Was the financial crisis caused by “systemic failure” or mortgage fraud? Or a combination of the two? And why are so many American homeowners still paying the price?

When Travis Paules worked as a branch manager for American General Finance in Pennsylvania in the late 1990s, he tried to do things by the book. He didn’t cut corners, he recalls, because his bosses at the finance company made it clear that it didn’t want him to cut corners, and that he should balance the need for loan production with the need to make sure his front-line staffers weren’t sticking borrowers into deals they couldn’t afford. Back then he liked to say: “My personal morals aren’t good, but I have good business morals.”

Things changed for Paules in 1998.

Ameriquest Mortgage, one of the nation’s most aggressive home-loan shops, lured him away from American General. At Ameriquest, Paules recalls, he found an employer that encouraged – and rewarded – his unscrupulous instincts. Paules pushed his underlings to do whatever it took to book loans, and they responded by employing a variety of tricks, such as inflating borrowers’ incomes on official documents. In some instances, he says, he even allowed his workers to alter the dollar figures on elderly borrowers’ Social Security award letters.

“You’re a creature of your environment,” Paules told me. “You don’t have to be. But most people fall into that trap.”

I thought about Paules recently after I read an article in The New York Times by Chrystia Freeland, a global editor-at-large for Reuters.
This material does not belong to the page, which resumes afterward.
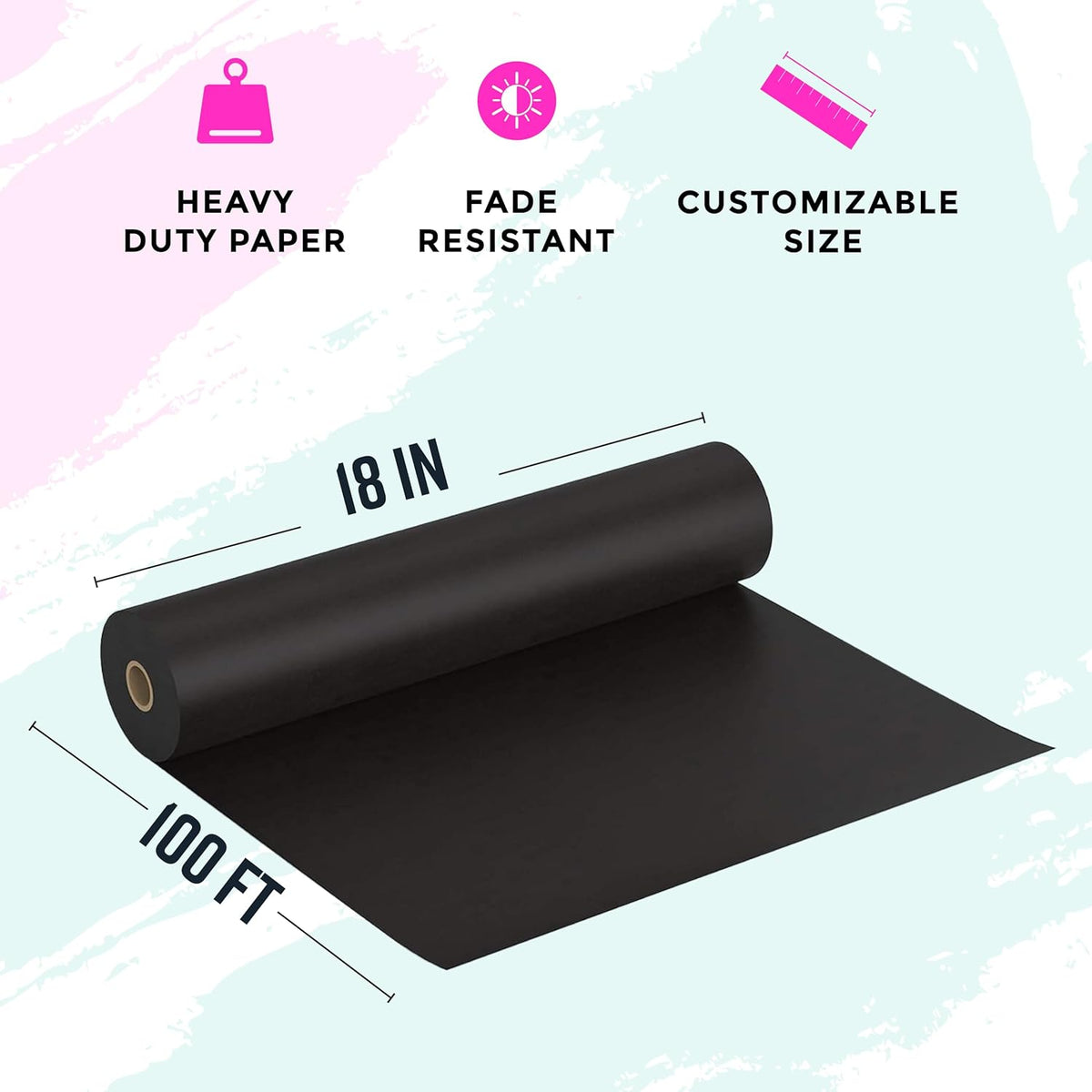 Bryco Goods Black Kraft Paper Roll - 18 Inch x 100 Feet - Ideal for Packing, Shipping, Arts &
Freeland praised the work of investigative reporters who had exposed wrongdoing in the financial sector, but added that “the bigger, more complicated truth about the financial crisis is that it wasn’t caused by evil businessmen. The overarching story is one of systemic failure, not individual wrongdoing. It wasn’t the Bernie Madoffs who plunged the world into recession. It was low capital requirements, weak limits on leverage, over-the-counter traded derivatives, soft rules on mortgage lending and global financial imbalances.”

Freeland is correct that all these factors contributed, in a big way, to the making of the crisis. But her argument has some holes in it.

First, it doesn’t acknowledge that real people were behind the systemic failures. The financial crisis wasn’t an act of nature; it was a man-made disaster. Corporate executives lobbied hard to get regulators to weaken oversight of banking and lending, pushing for the “soft rules” that helped create the home-loan mess.

Second, it minimizes the role that deception and corruption played in the debacle. As the housing market heated up, and the hunger for mortgage-backed investments grew, Travis Paules and other mortgage professionals cut corners and crossed lines. Appraisers falsified property reports. Mortgage brokers and loan officers forged borrowers’ signatures on key paperwork and faked tax documents to qualify homeowners’ for loans that they couldn’t afford. Lenders and Wall Street banks misled investors about the quality of the loans and the quality of the securities that were backed by those loans.